Point Blue’s ecological research on the Farallon Islands has precipitated pivotal environmental policy reforms. Notable among these are the 1987 prohibition of gill-netting  to protect seabirds from drowning in these nets, the 1993 legal protection of white sharks, and the creation of three California Marine Protected Areas around the islands in 2010.

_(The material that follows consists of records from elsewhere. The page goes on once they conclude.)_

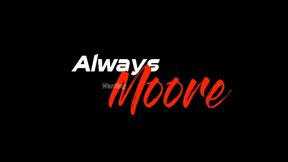 Always Wnting Moore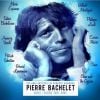 Album hommage à Pierre Bachelet, "Nous l'avons tant aimé", attendu le 23 mars 2015.
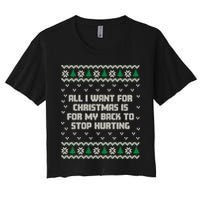 All I Want Is My Back To Stop Hurting Funny Christmas Sweatshirt Crop Top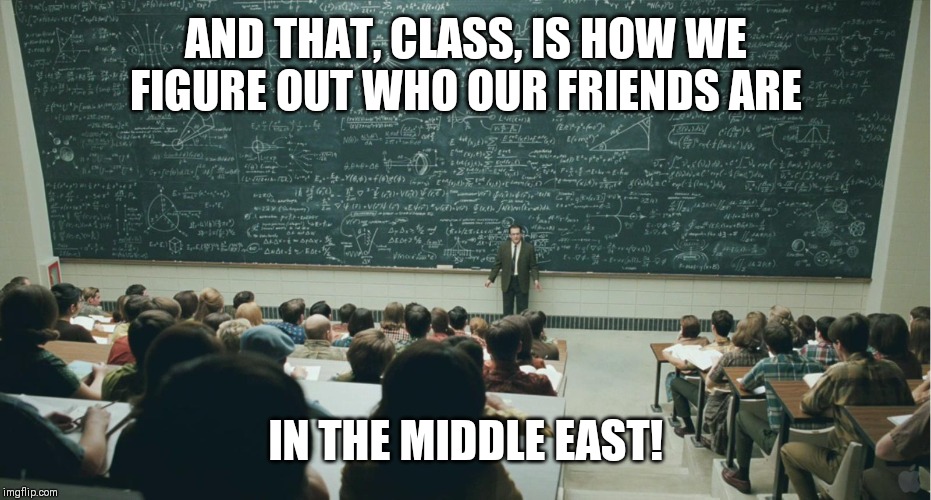 They all hate us, but they can't quit us. It's good to be the world's d--k. | AND THAT, CLASS, IS HOW WE FIGURE OUT WHO OUR FRIENDS ARE; IN THE MIDDLE EAST! | image tagged in and that class,politics,political meme,middle east | made w/ Imgflip meme maker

Due to budgetary constraints, the USFWS  has notified Point Blue that it will no longer be able to provide  its portion of the funding for Point Blue’s research and monitoring efforts, beginning in 2025. Without this support, Point Blue will not be able to maintain a year-round presence on the islands, and the islands will be unattended for several months of the year. Several of the long-term datasets will be discontinued. A smaller number of research assistants and graduate students will be able to be trained. Protection of the islands’ wildlife populations from human disturbance will be far more limited. We urge you to a) encourage Congress to support the  USFWS and the National Wildlife Refuge System at appropriate levels to achieve the Refuge System’s mission; and b) encourage the USFWS to find ways for the Farallon Islands National Wildlife Refuge to continue to allocate sufficient funding to Point Blue so we can maintain our year-round ecological monitoring program. 

The loss of potential ecological data gathered by Point Blue will not just hinder sustainable management of the Refuge, but also will impact management of NOAA’s Greater Farallones and Cordell Bank National Marine Sanctuaries, as well as various ecosystem assessments used to inform the Pacific Fisheries Management Council. Strong scientific data is the backbone of management decisions and the data collected by Point Blue is critical for the ongoing sustainable management of the islands’ wildlife as well as salmon, other fish of commercial value, sharks, whales, and many other species in central California.

Thank you for your consideration.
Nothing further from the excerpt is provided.